If ever there were an example of knee-jerk legislating, the STOCK Act may be it. A thoughtful and comprehensive bill, introduced by Rep. Slaughter, languished for years until some bad publicity made Members of Congress decide to “take action.” But in their haste to demonstrate they were responsive to the public’s outcry over allegations of congressional insider trading, Congress passed a watered down version of the bill. Furthermore, since passing the STOCK Act, Congress has twice acted to delay implementation of the bill, citing the risk of unintended consequences of the transparency measures they enacted.
The hurry up and wait method of legislating leaves one to wonder what will be disclosed when the sausage making is complete.

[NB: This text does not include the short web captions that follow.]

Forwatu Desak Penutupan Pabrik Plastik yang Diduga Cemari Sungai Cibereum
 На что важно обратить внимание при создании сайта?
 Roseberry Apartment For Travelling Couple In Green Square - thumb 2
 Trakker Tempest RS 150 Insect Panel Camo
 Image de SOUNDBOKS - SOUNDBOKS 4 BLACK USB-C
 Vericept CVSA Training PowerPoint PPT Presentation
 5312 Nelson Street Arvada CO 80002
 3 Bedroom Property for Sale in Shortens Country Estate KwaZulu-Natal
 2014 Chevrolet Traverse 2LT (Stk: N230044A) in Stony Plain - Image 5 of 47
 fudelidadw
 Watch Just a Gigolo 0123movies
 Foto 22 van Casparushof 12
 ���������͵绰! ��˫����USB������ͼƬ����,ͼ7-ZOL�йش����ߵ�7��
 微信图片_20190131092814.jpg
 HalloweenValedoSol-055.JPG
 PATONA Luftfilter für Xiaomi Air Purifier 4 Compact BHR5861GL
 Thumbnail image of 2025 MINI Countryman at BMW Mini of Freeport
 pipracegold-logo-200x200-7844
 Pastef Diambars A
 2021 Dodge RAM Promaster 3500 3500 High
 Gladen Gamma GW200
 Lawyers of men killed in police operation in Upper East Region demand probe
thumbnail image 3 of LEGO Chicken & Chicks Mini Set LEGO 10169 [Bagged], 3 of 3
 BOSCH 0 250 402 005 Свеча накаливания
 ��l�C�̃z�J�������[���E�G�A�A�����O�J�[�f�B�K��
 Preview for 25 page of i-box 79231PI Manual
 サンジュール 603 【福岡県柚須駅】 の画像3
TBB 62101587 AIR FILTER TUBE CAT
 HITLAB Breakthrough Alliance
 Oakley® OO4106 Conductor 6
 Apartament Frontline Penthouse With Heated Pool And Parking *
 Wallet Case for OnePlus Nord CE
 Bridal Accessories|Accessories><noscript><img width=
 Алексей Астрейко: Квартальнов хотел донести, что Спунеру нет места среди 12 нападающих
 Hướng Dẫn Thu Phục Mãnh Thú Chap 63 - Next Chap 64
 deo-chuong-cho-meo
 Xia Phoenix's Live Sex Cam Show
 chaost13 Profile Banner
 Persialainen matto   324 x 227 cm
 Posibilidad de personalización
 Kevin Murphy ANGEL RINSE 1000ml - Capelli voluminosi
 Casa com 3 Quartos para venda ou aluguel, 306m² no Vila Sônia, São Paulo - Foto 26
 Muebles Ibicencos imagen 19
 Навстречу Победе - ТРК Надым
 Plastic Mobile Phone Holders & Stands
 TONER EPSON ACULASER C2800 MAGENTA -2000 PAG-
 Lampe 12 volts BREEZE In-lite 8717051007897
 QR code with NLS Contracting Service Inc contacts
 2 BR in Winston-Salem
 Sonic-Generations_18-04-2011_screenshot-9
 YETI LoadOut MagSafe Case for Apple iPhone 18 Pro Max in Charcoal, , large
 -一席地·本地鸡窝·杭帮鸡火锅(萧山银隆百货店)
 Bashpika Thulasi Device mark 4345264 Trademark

At issue is a provision that requires certain executive branch officials to put their financial information online. Information about Members of Congress’ finances is already available. Good thing too, as the Washington Post just completed a study finding that 73 lawmakers benefitted or could have benefited financially from legislation they sponsored. Also online is financial information about the president, vice president, Cabinet members and Senate-confirmed political appointees. So how are the executive branch employees different? Like Members of Congress, they too may be privy to insider information that may benefit them financially. However, a lawsuit filed by the ACLU as well as complaints lodged by federal employees’ labor unions allege that putting financial disclosures online puts national security and the employees’ privacy at risk.
As a response, Congress amended the STOCK Act on August 2, delaying implementation from August 31 to September 30. (That amendment also clarified an inconsistency in the interpretation of the original bill, ensuring that disclosure requirements apply to the spouses and dependent children in both houses of Congress. Prior to the amendment, the disclosure provisions would have been limited to Senate spouses and children only.)
During the intervening month, Congress failed to come up with a resolution that would satisfy the bill’s purpose of preventing corruption while perhaps exempting those in sensitive or national security positions. Instead, days before the Sept. 30 deadline, Congress passed legislation that would delay implementation until December 8.
But don’t hold your breath that Congress will have developed a fix by then. The September amendment also requires the National Academy of Public Administration to examine the potential for harm if the disclosures are adopted. The study is not expected until 2013. Waiting for the study provides Congress with a perfect excuse to continue to delay implementation.
When Congress does finally decide to resolve the issue of federal employees’ disclosures--and we hope it is sooner rather than later--it is vital that they remember such disclosures are already required, and already public, albeit in paper format. Indeed, there is nothing to prevent a third party from posting the information online.
Congress should take the opportunity provided by the delay to carve out minimal exceptions for those employees in sensitive job categories and, for the rest, to recognize that in this day and age, public means online. At the same time, Congress should make clear that it expects other players in the ethics arena to pull their weight. The Office of Government Ethics, whose mission it is to “strengthen the public’s confidence that the Government’s business is conducted with impartiality and integrity” has been largely silent in this debate. Likewise, GAO has failed to meet its statutory obligation to review the personal financial disclosure system to ensure it is fostering accountability. Both OGE and GAO should be urged to ensure that financial disclosures serve the public interest.
The public has the right to know executive branch employees are not reaping financial benefits from insider information. Comprehensive financial disclosures--with reasonable accommodations for security--must be updated to ensure they are online and enforced.